→ ASSIGNED TASK:
Write out every line exactly, from the first line of the records below through the line that contains "Kaart Nepal En".

Data excerpts:
-- Opening Marker --

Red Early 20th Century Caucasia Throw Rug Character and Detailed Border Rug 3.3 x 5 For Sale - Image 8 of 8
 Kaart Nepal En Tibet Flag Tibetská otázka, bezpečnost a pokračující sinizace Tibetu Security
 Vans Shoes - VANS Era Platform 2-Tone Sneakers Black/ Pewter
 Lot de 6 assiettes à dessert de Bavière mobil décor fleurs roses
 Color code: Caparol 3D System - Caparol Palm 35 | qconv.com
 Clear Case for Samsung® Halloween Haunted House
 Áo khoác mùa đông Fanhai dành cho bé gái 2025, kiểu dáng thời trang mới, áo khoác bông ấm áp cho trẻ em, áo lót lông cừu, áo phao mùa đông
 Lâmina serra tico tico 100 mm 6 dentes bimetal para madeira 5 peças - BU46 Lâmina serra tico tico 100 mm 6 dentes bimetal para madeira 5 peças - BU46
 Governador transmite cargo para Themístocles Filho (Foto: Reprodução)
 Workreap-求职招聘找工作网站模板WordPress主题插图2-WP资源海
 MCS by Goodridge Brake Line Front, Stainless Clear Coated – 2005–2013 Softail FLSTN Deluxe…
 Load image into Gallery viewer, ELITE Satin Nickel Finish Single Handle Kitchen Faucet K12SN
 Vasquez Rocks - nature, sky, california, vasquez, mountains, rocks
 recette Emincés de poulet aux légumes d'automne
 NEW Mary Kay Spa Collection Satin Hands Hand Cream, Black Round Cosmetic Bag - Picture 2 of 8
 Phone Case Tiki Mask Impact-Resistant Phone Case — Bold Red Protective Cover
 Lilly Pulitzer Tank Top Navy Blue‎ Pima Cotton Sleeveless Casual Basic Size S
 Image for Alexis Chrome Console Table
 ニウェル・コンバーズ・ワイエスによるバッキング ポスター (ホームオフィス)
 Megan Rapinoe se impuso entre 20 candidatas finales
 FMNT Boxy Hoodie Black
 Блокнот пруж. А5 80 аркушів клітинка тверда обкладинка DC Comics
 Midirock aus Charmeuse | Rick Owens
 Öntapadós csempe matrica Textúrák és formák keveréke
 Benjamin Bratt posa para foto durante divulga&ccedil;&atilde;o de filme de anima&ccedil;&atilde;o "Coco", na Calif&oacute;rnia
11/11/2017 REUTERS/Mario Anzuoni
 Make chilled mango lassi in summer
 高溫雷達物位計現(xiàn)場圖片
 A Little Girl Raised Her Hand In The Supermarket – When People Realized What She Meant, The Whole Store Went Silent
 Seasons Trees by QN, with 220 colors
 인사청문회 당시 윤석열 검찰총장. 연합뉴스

-- Closing Marker --

→ RESPONSE:
Red Early 20th Century Caucasia Throw Rug Character and Detailed Border Rug 3.3 x 5 For Sale - Image 8 of 8
 Kaart Nepal En Tibet Flag Tibetská otázka, bezpečnost a pokračující sinizace Tibetu Security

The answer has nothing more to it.